En vez de otorgarle misterio a su protagonista, Matías Lira construye un relato ambiguo y lo más extraño de sus decisiones no es tanto que la película no se haga cargo de aspectos cruciales para entender la naturaleza profunda de sus personaje, sino dejar que el espectador complete, en virtud de la abundante información pública existente sobre el hecho, los pormenores de más de una década de sumisión al poder del sacerdote.
Coherente con el relato en primera persona es la decisión de no aludir al contexto político y social chileno de fines de los ochenta –salvo en una distraída aparición de Pinochet en televisión–, no ya como una reproducción simbiótica de patrones autoritarios derivados de la dictadura, sino siquiera en una dimensión más cercana y atingente directamente al argumento: la red de protección que, tanto en la parroquia como en la jerarquía, permitió la impunidad del sacerdote durante tantos años. Al dejar fuera ese flanco, el filme se moviliza siempre en el marco de la ética individual.

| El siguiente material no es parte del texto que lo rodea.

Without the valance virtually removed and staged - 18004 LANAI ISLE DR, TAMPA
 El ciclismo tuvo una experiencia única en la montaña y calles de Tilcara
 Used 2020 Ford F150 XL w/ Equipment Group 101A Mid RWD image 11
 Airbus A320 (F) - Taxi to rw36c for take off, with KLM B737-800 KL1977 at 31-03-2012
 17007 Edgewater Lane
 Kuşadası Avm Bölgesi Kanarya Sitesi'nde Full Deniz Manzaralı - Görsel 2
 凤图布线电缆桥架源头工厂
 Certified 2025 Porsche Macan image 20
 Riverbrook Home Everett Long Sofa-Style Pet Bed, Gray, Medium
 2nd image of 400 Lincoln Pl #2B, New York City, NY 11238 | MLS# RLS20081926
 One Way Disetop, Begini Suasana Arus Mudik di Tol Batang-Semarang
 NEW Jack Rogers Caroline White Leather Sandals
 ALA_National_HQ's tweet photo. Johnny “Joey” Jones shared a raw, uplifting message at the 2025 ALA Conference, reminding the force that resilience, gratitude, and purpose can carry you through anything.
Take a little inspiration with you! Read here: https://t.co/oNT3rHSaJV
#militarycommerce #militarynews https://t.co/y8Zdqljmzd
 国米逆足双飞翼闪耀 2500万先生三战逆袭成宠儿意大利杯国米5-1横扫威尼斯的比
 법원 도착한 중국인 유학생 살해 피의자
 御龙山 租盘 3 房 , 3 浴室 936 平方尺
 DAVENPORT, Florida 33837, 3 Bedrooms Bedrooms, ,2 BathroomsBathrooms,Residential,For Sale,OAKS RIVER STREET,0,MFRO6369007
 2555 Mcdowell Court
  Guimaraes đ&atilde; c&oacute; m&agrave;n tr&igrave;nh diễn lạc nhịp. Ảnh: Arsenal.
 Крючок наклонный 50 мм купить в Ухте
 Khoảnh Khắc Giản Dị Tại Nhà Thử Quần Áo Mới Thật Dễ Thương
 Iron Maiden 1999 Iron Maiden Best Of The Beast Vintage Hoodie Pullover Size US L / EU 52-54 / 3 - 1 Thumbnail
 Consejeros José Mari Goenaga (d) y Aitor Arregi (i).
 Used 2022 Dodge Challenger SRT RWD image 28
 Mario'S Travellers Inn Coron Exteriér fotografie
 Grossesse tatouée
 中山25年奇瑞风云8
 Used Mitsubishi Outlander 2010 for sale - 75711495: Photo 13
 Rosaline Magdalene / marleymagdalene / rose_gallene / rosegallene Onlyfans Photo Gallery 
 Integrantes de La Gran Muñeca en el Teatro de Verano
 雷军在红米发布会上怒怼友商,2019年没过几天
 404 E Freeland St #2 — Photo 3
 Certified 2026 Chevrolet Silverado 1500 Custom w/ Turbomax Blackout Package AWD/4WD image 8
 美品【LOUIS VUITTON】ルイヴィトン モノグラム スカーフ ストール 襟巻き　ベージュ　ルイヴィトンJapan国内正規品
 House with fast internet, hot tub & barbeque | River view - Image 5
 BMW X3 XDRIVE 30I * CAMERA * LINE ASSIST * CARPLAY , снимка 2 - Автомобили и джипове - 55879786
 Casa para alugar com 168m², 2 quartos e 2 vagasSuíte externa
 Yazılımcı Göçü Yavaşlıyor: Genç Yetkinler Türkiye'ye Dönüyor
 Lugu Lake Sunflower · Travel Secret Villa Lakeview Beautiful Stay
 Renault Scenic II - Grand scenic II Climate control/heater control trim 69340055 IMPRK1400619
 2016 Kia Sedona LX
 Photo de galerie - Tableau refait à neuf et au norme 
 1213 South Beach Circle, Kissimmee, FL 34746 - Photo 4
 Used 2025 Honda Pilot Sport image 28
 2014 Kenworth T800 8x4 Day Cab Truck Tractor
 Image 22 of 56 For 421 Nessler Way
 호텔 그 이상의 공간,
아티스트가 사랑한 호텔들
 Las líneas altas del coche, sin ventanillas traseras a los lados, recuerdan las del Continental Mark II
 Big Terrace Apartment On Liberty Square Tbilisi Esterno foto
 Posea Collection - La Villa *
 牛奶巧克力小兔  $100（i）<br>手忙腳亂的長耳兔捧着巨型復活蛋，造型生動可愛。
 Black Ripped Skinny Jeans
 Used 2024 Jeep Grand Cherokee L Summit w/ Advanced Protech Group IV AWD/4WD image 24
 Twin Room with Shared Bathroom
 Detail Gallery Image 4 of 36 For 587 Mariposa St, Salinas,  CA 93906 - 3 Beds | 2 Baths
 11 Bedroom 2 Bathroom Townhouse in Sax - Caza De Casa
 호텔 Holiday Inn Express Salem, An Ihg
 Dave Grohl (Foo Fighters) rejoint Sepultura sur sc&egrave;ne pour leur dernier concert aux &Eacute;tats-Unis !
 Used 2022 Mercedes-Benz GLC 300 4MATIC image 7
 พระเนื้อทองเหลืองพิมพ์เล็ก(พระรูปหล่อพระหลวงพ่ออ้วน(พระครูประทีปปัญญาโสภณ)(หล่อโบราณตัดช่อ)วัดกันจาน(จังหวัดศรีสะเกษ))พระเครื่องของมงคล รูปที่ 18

Es una lástima que la efectividad dramática de El bosque de Karadima descanse enteramente sobre el juicio público que la sociedad chilena ha establecido sobre el tema. Esa extraña dimensión gestáltica sin duda ha contribuido al enorme éxito del filme en boleterías, pero su dependencia de la coyuntura local termina asfixiando las posibilidades de libertad de la cinta y de los cruciales temas que pretende abordar.